■ What is required
Lines with the word "image": copy all of them from the entries below.

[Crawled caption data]

....................

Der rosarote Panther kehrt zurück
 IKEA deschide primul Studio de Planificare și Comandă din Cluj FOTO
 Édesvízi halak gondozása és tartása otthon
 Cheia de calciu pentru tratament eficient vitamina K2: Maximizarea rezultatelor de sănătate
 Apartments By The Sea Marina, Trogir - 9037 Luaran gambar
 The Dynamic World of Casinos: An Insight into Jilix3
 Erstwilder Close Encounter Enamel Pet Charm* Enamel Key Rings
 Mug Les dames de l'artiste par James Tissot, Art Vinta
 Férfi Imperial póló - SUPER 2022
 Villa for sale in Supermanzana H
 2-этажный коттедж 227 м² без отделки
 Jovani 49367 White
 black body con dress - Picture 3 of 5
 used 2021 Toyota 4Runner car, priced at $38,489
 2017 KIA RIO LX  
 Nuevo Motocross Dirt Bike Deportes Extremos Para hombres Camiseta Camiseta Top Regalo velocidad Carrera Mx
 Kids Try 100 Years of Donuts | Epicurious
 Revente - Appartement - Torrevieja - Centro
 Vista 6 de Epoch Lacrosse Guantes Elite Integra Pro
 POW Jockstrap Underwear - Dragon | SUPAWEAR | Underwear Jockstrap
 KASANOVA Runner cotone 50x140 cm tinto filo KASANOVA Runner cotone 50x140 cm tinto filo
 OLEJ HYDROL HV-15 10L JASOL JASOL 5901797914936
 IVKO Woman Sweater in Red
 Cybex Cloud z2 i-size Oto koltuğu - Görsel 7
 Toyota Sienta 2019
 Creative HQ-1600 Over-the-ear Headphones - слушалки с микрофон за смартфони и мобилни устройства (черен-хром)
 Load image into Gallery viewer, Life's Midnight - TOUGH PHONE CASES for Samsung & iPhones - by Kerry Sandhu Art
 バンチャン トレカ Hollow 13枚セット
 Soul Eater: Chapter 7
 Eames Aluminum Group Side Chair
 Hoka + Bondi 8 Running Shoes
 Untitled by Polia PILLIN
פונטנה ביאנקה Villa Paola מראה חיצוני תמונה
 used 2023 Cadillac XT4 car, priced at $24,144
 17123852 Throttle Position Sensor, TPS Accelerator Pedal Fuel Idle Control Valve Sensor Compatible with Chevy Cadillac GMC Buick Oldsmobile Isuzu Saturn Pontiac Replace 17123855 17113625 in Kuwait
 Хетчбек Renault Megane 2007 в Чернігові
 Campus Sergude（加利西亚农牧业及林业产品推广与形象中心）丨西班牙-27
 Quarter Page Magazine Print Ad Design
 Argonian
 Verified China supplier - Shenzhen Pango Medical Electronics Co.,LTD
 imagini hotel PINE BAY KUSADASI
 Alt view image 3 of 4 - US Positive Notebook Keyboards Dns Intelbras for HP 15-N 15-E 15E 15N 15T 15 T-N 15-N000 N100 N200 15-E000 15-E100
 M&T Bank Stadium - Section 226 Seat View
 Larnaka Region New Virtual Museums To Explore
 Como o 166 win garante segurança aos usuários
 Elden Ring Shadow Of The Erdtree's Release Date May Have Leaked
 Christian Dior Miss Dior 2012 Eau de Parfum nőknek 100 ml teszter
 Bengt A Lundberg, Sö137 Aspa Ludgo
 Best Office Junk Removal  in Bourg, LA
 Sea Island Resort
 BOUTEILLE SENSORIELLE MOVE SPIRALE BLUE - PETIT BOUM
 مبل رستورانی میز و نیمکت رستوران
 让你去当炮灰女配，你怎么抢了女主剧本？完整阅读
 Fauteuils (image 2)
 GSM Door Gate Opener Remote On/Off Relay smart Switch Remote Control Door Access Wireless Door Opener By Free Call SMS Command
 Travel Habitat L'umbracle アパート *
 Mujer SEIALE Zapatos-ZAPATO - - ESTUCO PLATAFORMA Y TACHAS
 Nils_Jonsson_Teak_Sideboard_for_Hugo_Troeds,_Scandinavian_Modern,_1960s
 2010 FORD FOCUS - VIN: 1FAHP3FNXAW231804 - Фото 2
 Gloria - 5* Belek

....................

■ Output for this task
 Load image into Gallery viewer, Life's Midnight - TOUGH PHONE CASES for Samsung & iPhones - by Kerry Sandhu Art
 Alt view image 3 of 4 - US Positive Notebook Keyboards Dns Intelbras for HP 15-N 15-E 15E 15N 15T 15 T-N 15-N000 N100 N200 15-E000 15-E100
 Fauteuils (image 2)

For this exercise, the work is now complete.